What to work on ▸ Ignoring every picture, return the lines of the listing below word for word, from the line that holds "Opens in a new window or tab" through the line that holds "Nektar Impact Gxp49 Usb Midi Controller".

Given data ▸
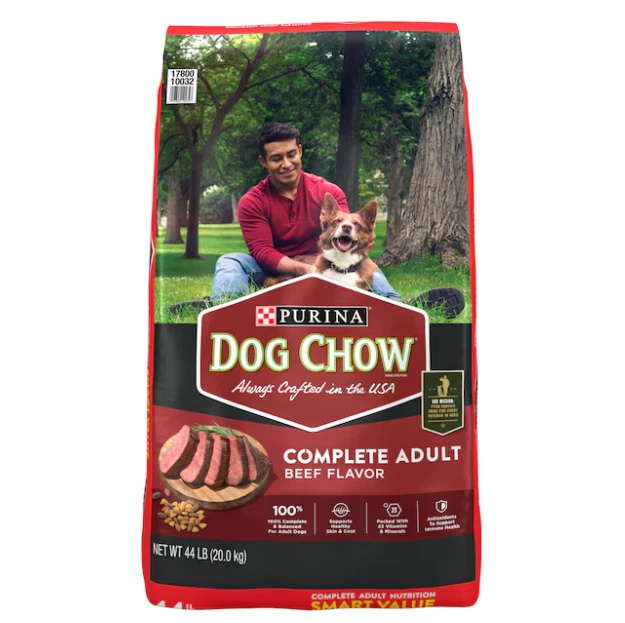 Purina ONE Adult Chicken and Rice Dog Food 40-lb FULL BOX
Opens in a new window or tab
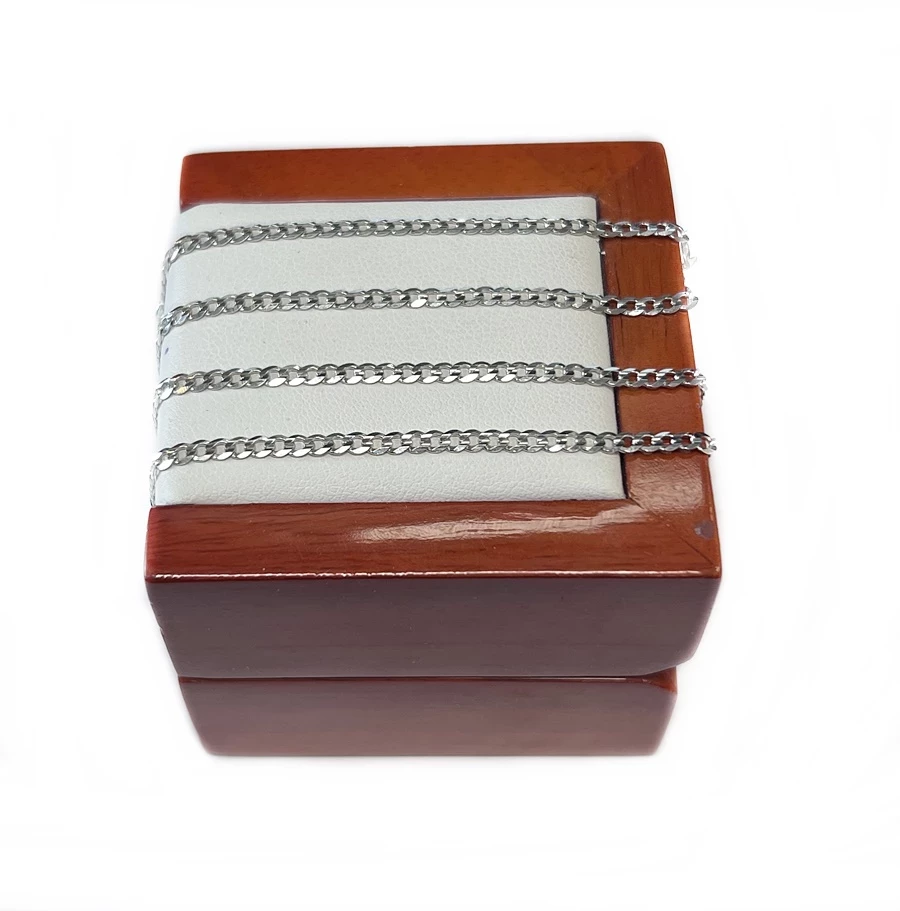 zloty-lancuszek-biale-zloto-stan-uzywany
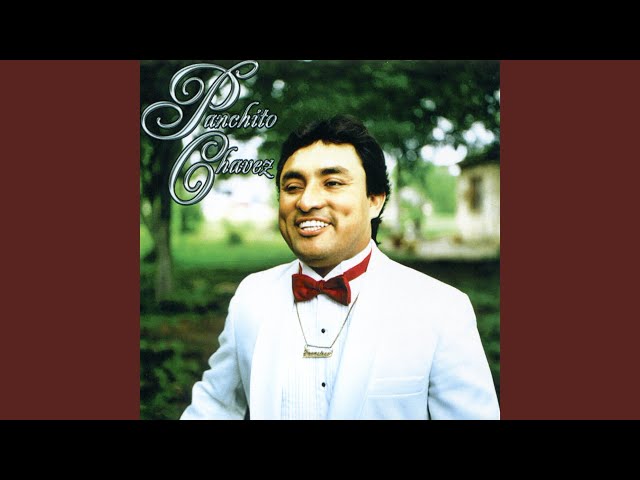 Panchito Chavez - Caballo Ballenato
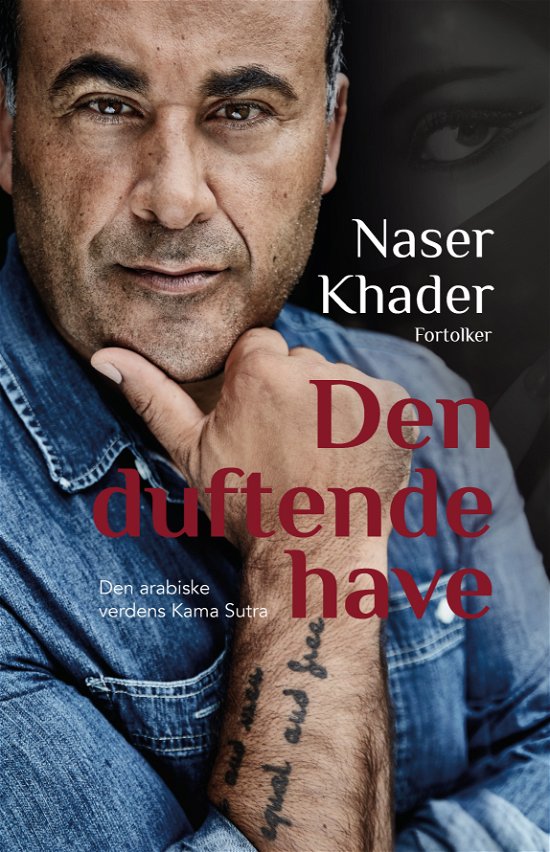 Cover for Naser Khader · Naser Khader fortolker Den duftende have (Poketbok) [1:a utgåva] (2018)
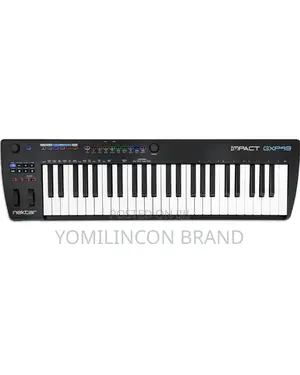 Nektar Impact Gxp49 Usb Midi Controller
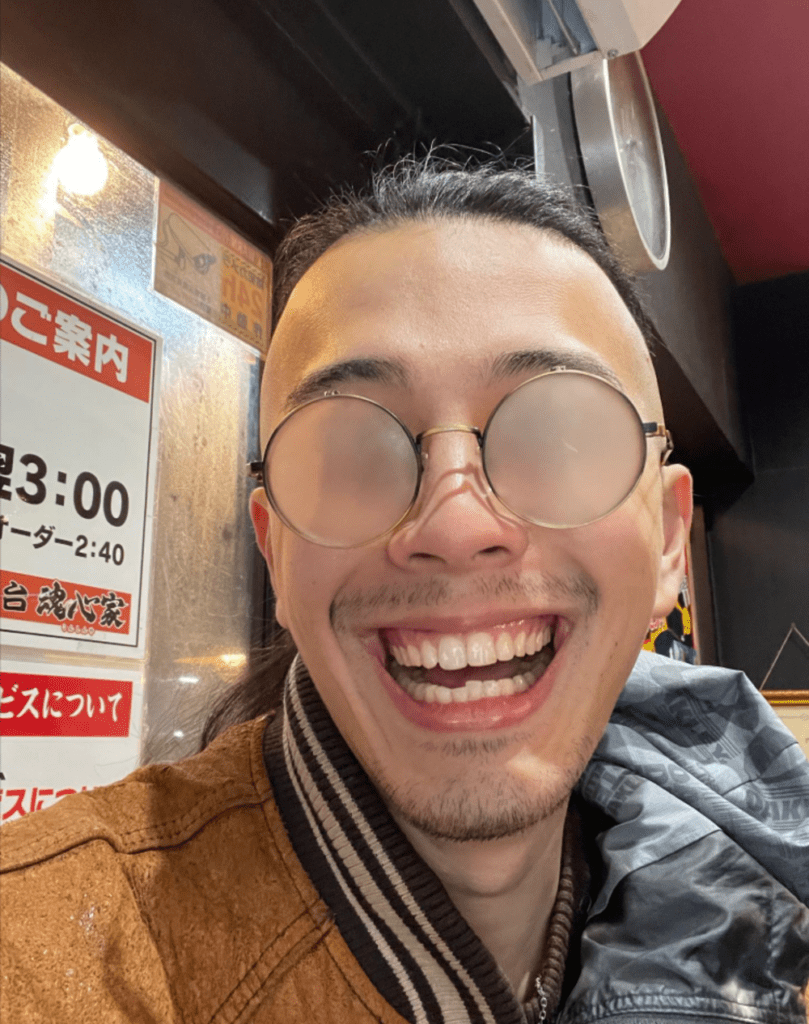 投稿した現在の写真（@mad_froggy513さんより提供）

Expected answer ▸
Opens in a new window or tab
 zloty-lancuszek-biale-zloto-stan-uzywany
 Panchito Chavez - Caballo Ballenato
 Cover for Naser Khader · Naser Khader fortolker Den duftende have (Poketbok) [1:a utgåva] (2018)
 Nektar Impact Gxp49 Usb Midi Controller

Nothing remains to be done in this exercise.